Here is the scenario:
I have a backend server with a third party application on it and a pre-configured Nginx which is working fine independently. But now I want to add a reverse proxy to hide this server from users. Everything works fine when I test it with two Nginx that I myself configured but when I route the traffic from the proxy server to the backend server, just some of the contents of the website loads in the browser.
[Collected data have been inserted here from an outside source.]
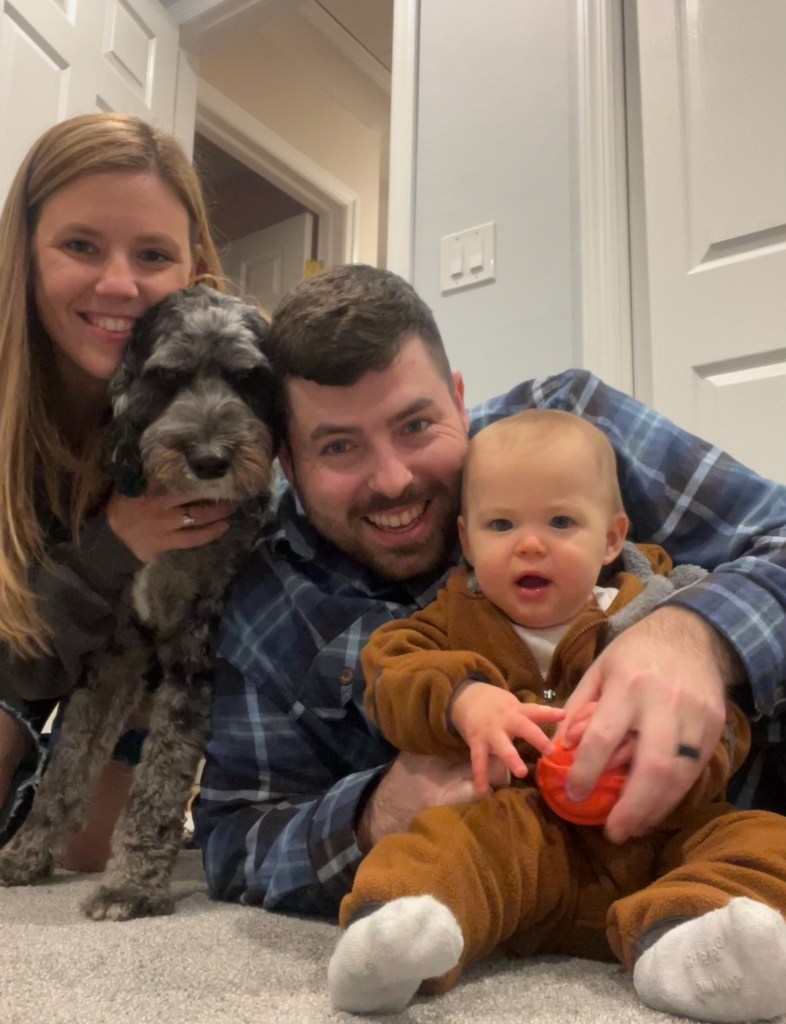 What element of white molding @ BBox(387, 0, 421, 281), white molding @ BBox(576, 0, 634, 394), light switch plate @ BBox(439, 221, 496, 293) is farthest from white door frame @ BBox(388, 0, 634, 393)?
white molding @ BBox(387, 0, 421, 281)

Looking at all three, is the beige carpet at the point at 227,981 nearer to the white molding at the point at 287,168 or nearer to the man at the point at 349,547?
the man at the point at 349,547

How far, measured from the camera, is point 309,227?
4.55m

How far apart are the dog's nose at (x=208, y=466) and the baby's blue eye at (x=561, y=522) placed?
528mm

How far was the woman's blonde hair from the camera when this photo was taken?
148cm

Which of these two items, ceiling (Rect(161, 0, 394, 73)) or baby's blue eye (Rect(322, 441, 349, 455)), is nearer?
baby's blue eye (Rect(322, 441, 349, 455))

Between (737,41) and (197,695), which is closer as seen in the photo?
(197,695)

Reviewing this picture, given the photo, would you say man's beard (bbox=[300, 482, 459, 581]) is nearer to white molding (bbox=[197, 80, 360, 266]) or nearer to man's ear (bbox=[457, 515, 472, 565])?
man's ear (bbox=[457, 515, 472, 565])

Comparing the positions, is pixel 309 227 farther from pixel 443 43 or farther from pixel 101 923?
pixel 101 923

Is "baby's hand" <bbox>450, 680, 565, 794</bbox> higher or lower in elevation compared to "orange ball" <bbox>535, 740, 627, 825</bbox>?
higher

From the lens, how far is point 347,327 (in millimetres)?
1203

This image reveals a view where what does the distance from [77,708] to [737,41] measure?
2082 mm

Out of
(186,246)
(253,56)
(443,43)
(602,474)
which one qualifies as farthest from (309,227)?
(602,474)

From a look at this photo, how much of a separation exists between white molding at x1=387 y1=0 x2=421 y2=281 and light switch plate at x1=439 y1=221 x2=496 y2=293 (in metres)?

The only difference that I noticed is that whenever I am connecting to the backend server directly, I can see the following in the access.log
of the backend server:
10.251.100.3 - - [08/Jul/2019:14:13:53 +0430] "GET /some/path/2 HTTP/1.1" 200 2762 "-" "Mozilla/5.0 (Windows NT 10.0; Win64; x64) AppleWebKit/537.36 (KHTML, like Gecko) Chrome/75.0.3770.100 Safari/537.36" "-" "backend.server.com"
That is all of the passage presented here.